== Material for the task ==

^^^^

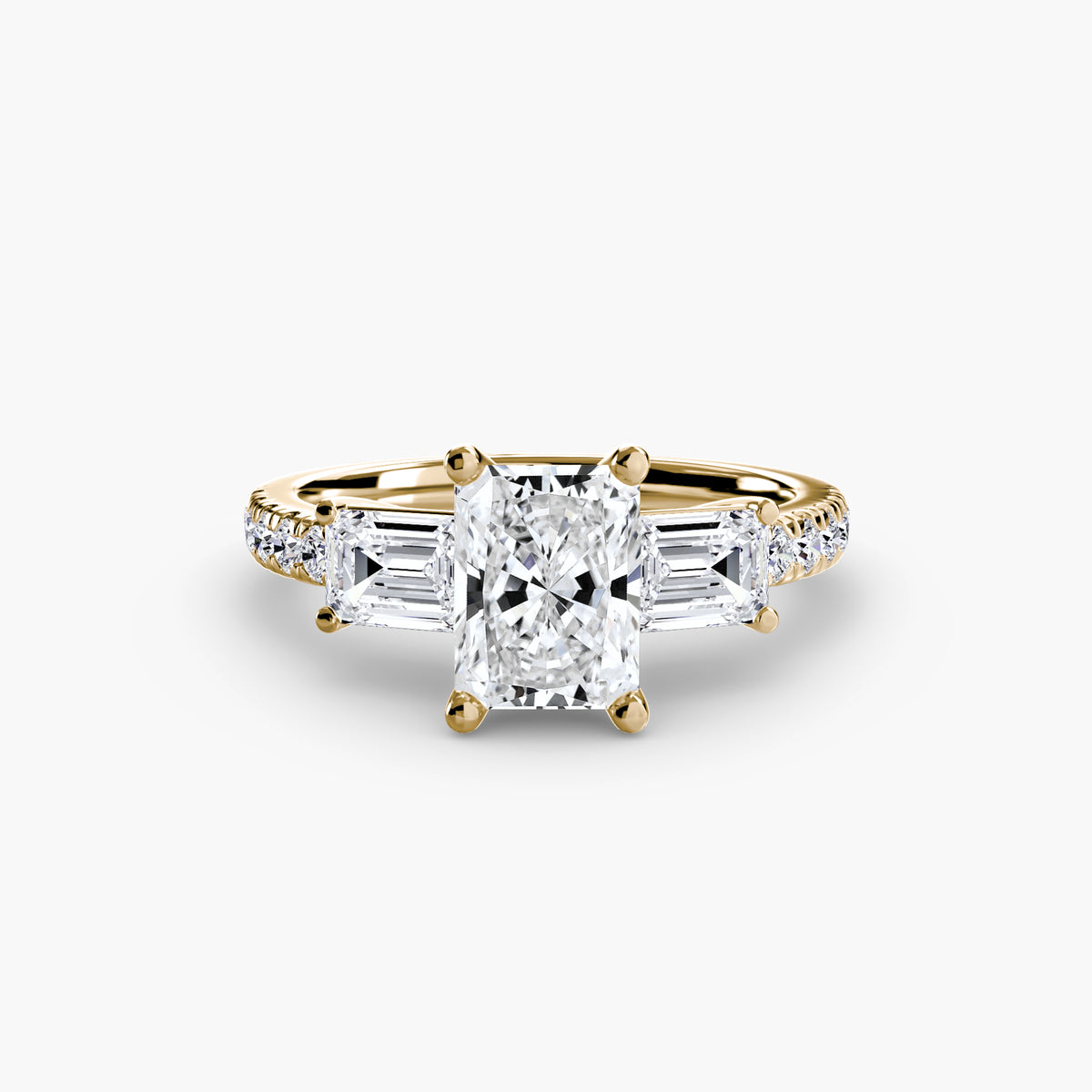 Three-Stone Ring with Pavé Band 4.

^^^^

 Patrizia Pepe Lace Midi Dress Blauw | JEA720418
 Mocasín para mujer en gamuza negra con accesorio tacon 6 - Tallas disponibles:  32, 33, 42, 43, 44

^^^^

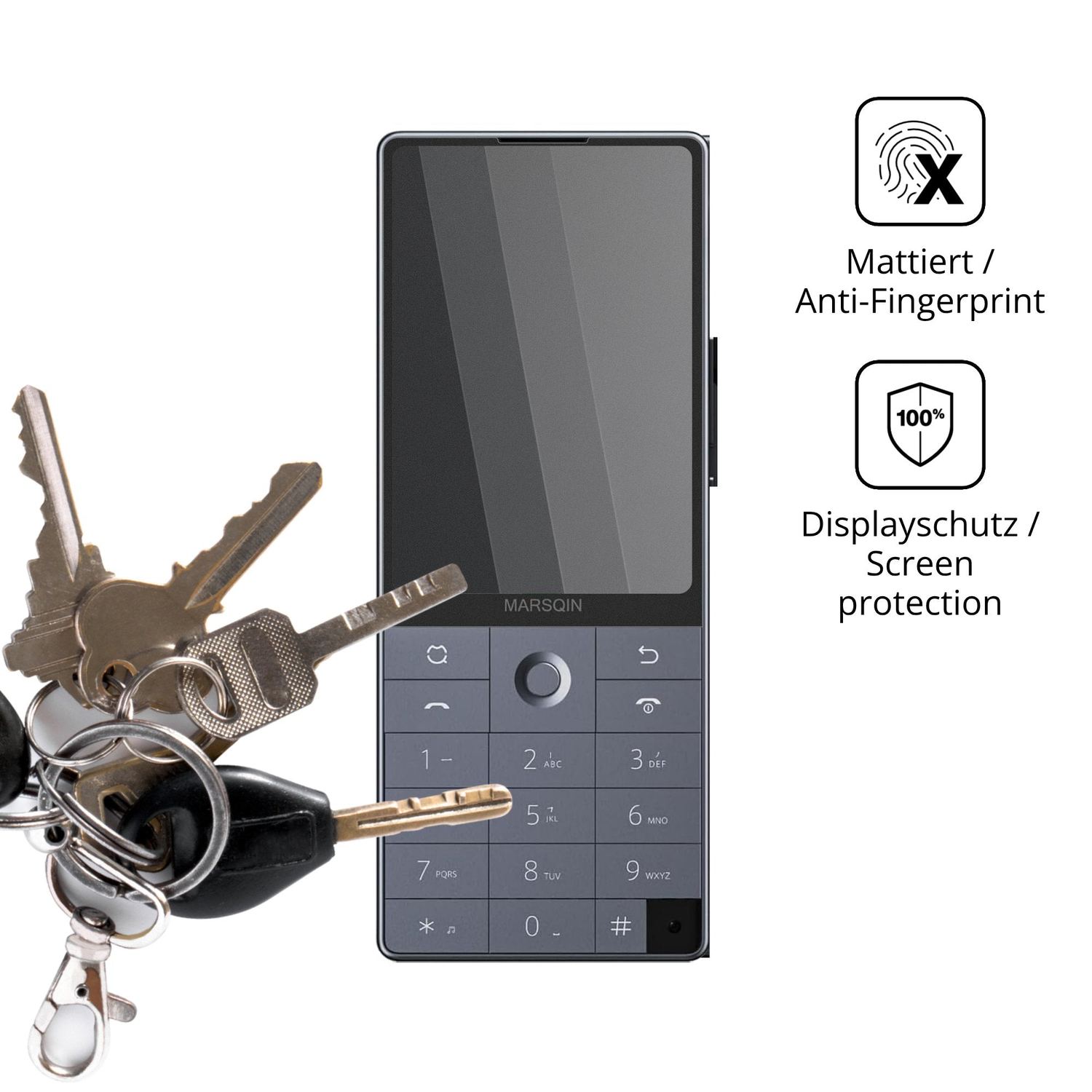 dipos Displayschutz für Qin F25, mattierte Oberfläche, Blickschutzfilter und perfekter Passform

^^^^

The required output is the stretch of entries above from the line containing "Patrizia Pepe Lace" through the line containing "Mocasín para mujer", reproduced exactly.

== Answer to this task ==
 Patrizia Pepe Lace Midi Dress Blauw | JEA720418
 Mocasín para mujer en gamuza negra con accesorio tacon 6 - Tallas disponibles:  32, 33, 42, 43, 44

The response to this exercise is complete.